Task item:
Output every record exactly and leave each picture out.

Task material:
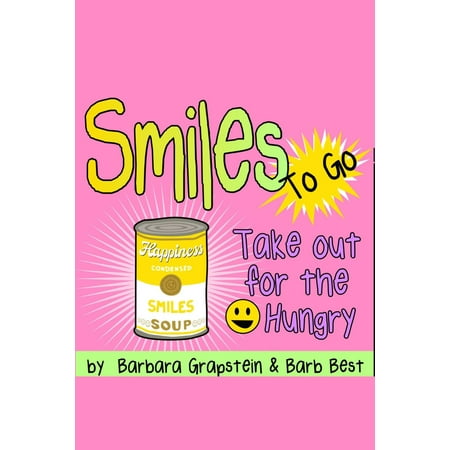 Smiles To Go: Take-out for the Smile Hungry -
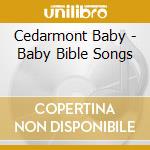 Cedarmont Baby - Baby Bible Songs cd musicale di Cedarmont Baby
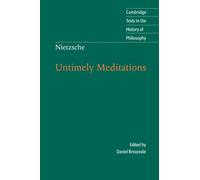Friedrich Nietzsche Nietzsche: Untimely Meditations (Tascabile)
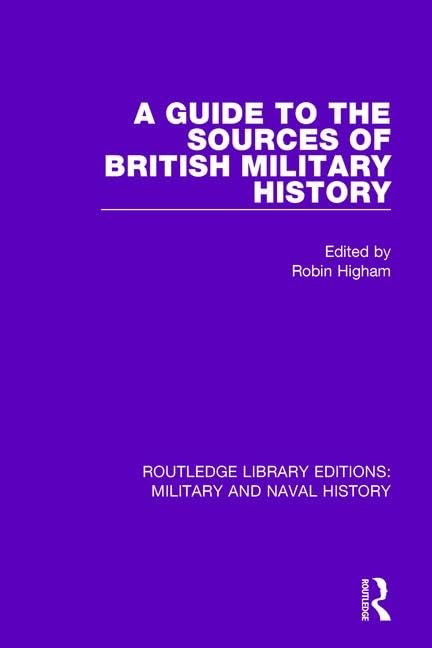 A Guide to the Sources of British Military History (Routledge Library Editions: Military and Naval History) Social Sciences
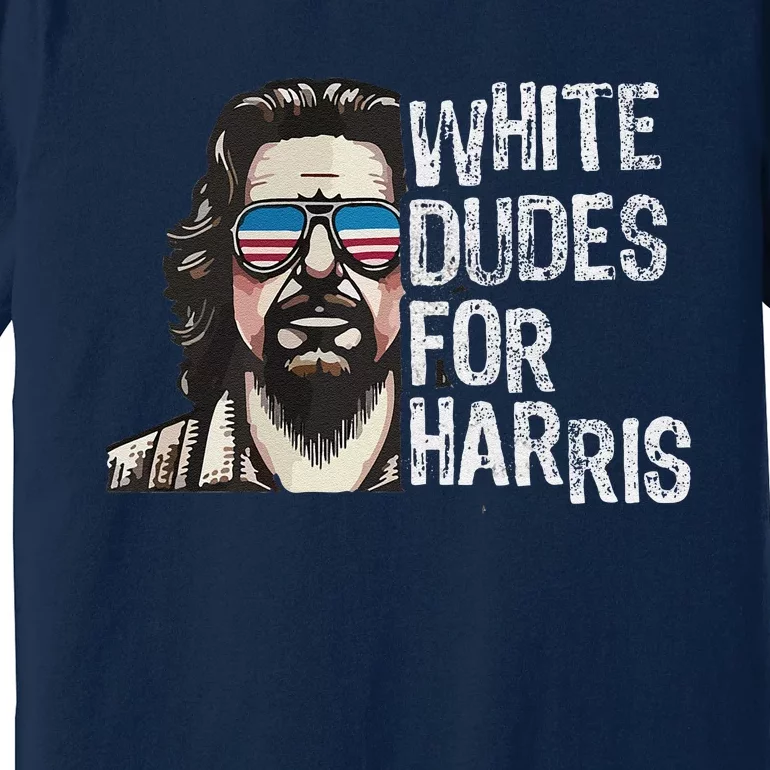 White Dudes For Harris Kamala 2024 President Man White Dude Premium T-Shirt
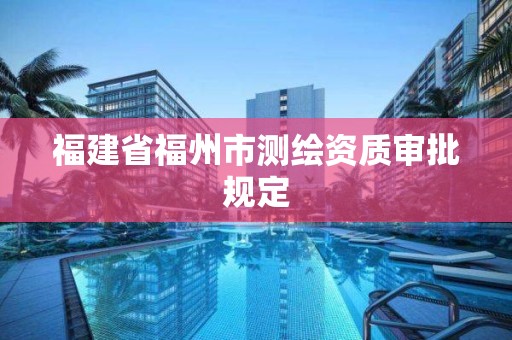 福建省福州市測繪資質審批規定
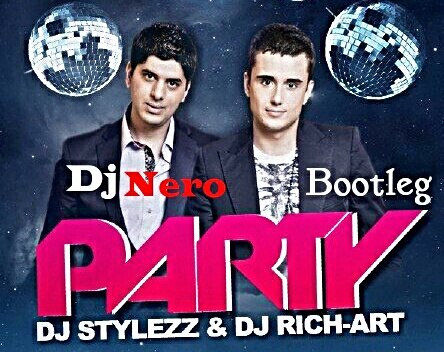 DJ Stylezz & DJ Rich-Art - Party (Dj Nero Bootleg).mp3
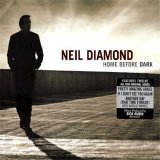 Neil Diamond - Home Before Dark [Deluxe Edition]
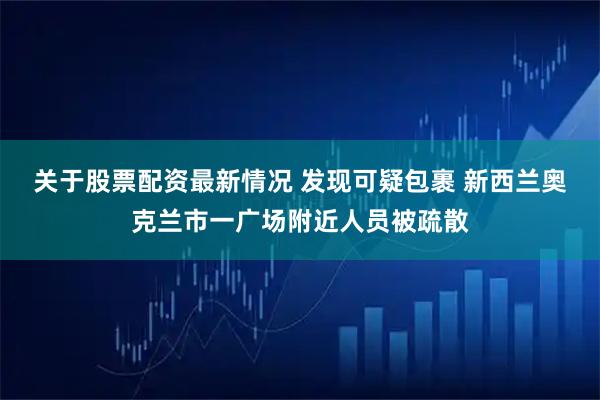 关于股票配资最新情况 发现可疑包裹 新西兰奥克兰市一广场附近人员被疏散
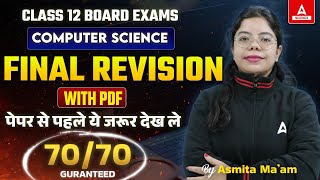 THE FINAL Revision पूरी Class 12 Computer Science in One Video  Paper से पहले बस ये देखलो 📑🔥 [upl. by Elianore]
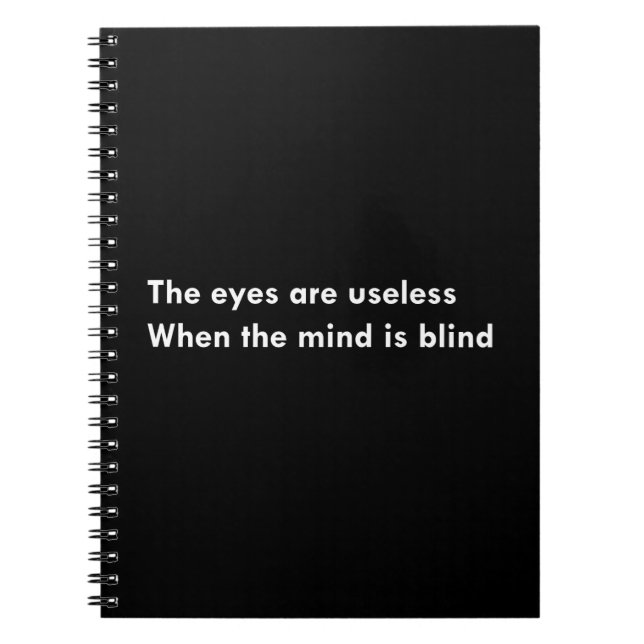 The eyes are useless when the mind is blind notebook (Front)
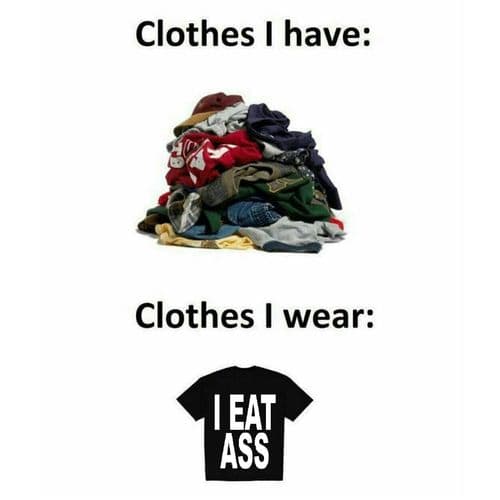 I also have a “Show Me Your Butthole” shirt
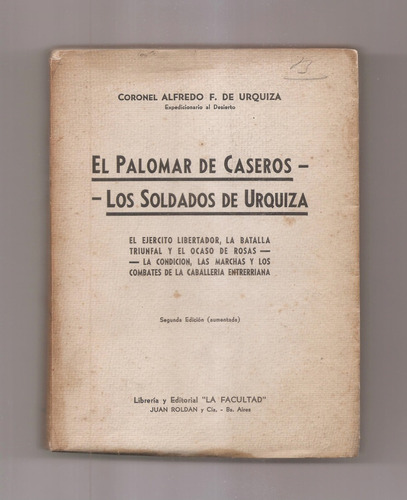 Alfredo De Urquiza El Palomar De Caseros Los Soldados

Exercise result:
 Smiles To Go: Take-out for the Smile Hungry -
 Cedarmont Baby - Baby Bible Songs cd musicale di Cedarmont Baby
Friedrich Nietzsche Nietzsche: Untimely Meditations (Tascabile)
 A Guide to the Sources of British Military History (Routledge Library Editions: Military and Naval History) Social Sciences
 White Dudes For Harris Kamala 2024 President Man White Dude Premium T-Shirt
 福建省福州市測繪資質審批規定
 DJ Stylezz & DJ Rich-Art - Party (Dj Nero Bootleg).mp3
 Neil Diamond - Home Before Dark [Deluxe Edition]
 关于股票配资最新情况 发现可疑包裹 新西兰奥克兰市一广场附近人员被疏散
 THE FINAL Revision पूरी Class 12 Computer Science in One Video  Paper से पहले बस ये देखलो 📑🔥 [upl. by Elianore]
 The eyes are useless when the mind is blind notebook (Front)
 I also have a “Show Me Your Butthole” shirt
 Alfredo De Urquiza El Palomar De Caseros Los Soldados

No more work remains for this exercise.